Audi, however, has already twigged this and showed a unique and, if it goes into production, groundbreaking supercar. It looks just like a standard R8 with a rather excessive fresh air requirement, so large and multitudinous are the extra vents and inlets that have been cut into its body (including a monstrous NACA duct in the roof). In fact they’re all there to feed and cool the mighty 5.5-litre V12 diesel engine crammed inside its engine bay. With 500bhp, a 0-60mph time of under 4sec and a top speed ‘in excess of 185mph’, this is not just by far the quickest diesel car ever made, it is the world’s first oil-burning supercar, too.

Even Ferrari is playing the environmental card. We’d gone to Detroit hoping to see the much-rumoured 599GTB California with its convertible roof, but instead we were treated to a very standard looking F430 Spider with the word ‘Bio Fuel’ scrawled down its front and side in bright green ink just for good measure. You can’t buy this Ferrari of course, not least because you’d struggle to find anywhere to fill it up, but nevertheless it has been tuned to run on E85 bio-fuel (a blend of 85 per cent bio-ethanol and 15 per cent petrol) which is not only renewable and drops CO2 emissions slightly, it also adds another 10bhp, allowing Ferrari to claim the car is both quicker and more environmentally considerate.
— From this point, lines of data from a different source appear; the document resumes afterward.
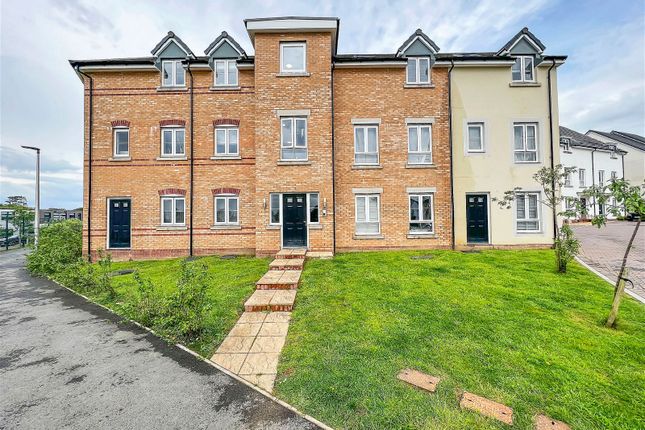 Flat for sale in Old Tram Drive, Roundswell, Barnstaple, North Devon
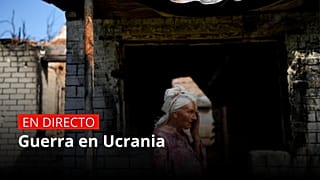 Hanna Sylivon, de 76 años, frente a su casa destruida por los ataques en Chernígov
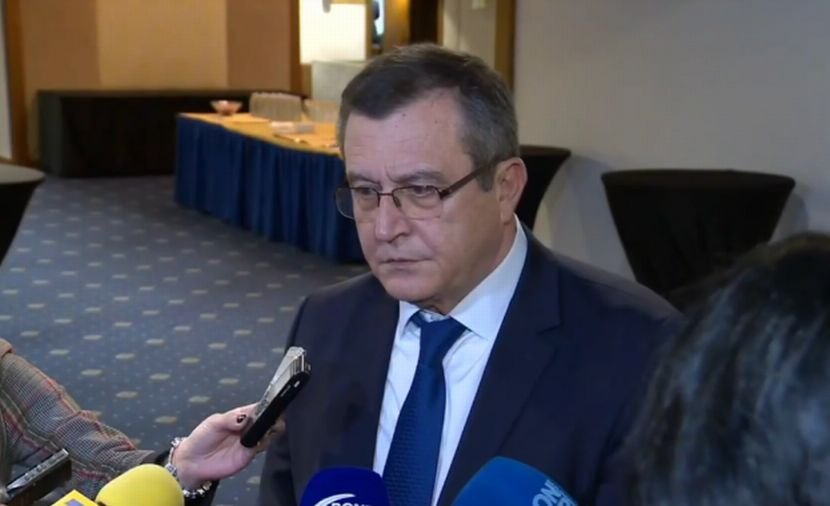 Министър Сашо Пенов за бомбените заплахи: Правото на преценка е на директорите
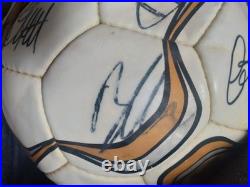 Signed (inc. Ronaldo) Man Utd Football 2004/05 with Certificate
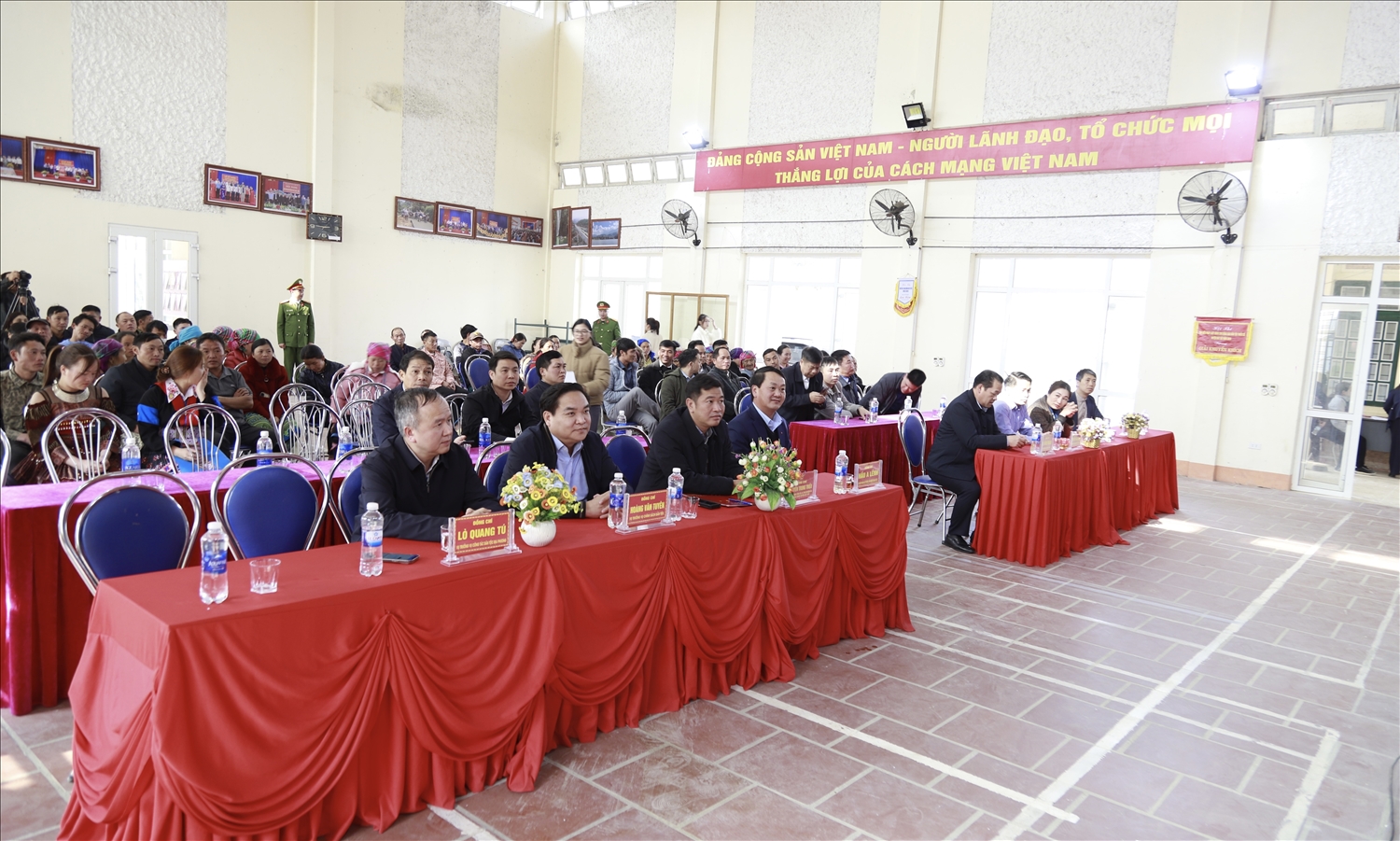 Các đại biểu tham dự buổi tặng quà Các đại biểu tham dự buổi tặng quà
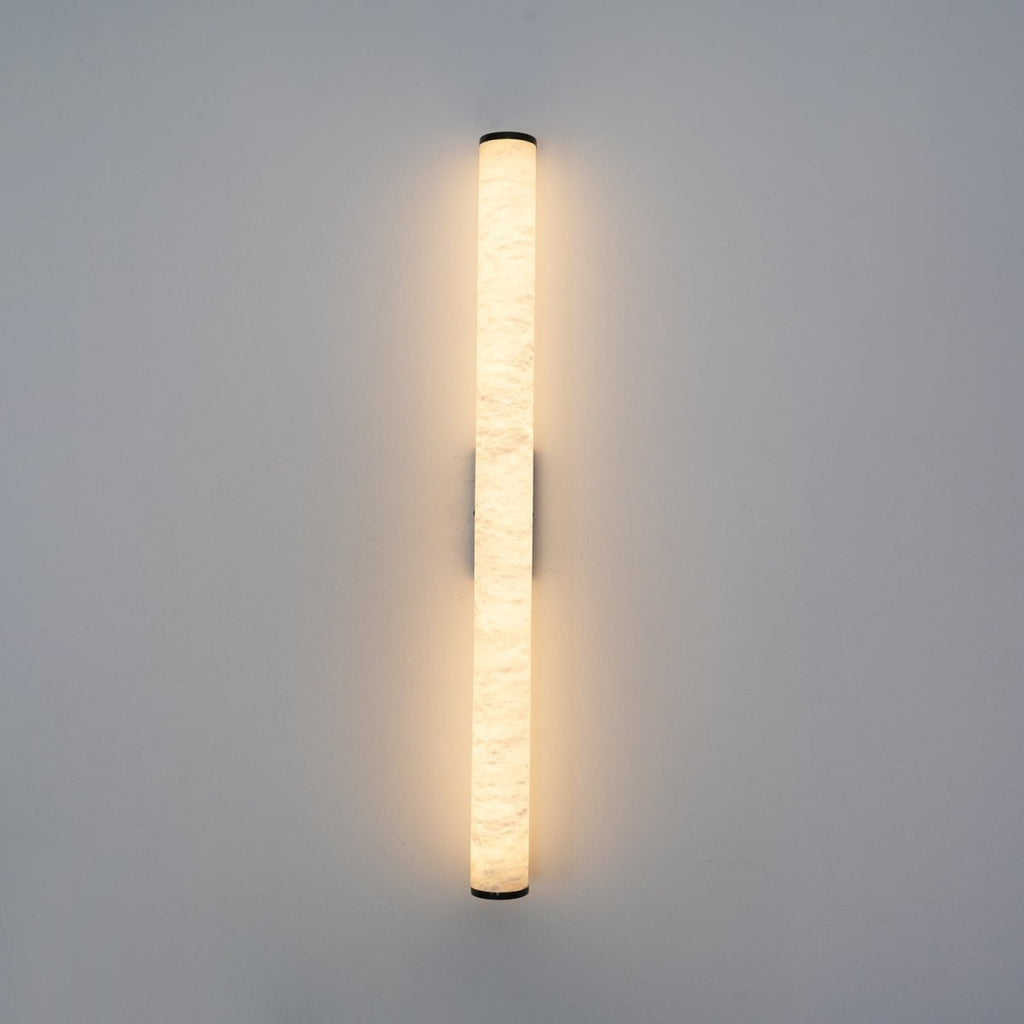 Moderne Wandleuchte mit Alabasterrohr – ein LED-Leuchtmittel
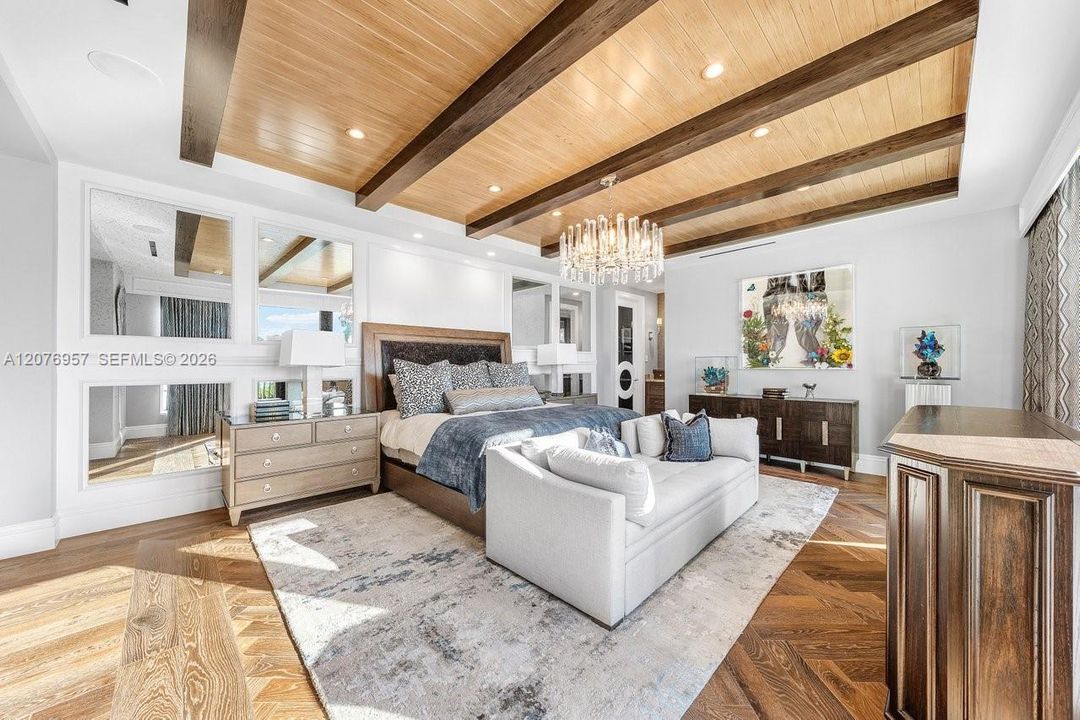 For Sale: $13,700,000 (5 beds, 7 baths, 7398 Square Feet)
Whether this will form even part of Ferrari’s commitment to drop its cars’ emissions by 40 per cent by 2012 remains to be seen.

Other supercar manufacturers, such as Porsche and Aston Martin, were silent on account of boycotting the show altogether. The US is a critical market to both, but the core of their business lies on the east and west coasts, not in the frozen north of Michigan.

On the way back to the airport to board the BA flight home, it occurred to me that the show and city are both shadows of their once great selves. Next year I shall doubtless return to see if the much mooted recovery was, indeed, all just talk, but it will be a US airline that brings me here. After March, British Airways will no longer fly here. Lack of demand, apparently.

Back in its heyday, Detroit was the fourth largest city in the US; now it doesn’t even make the top 10. At the moment, it is still home to the largest car company in the world but, by this time next year, even that last great claim to fame is likely to be a thing of the past.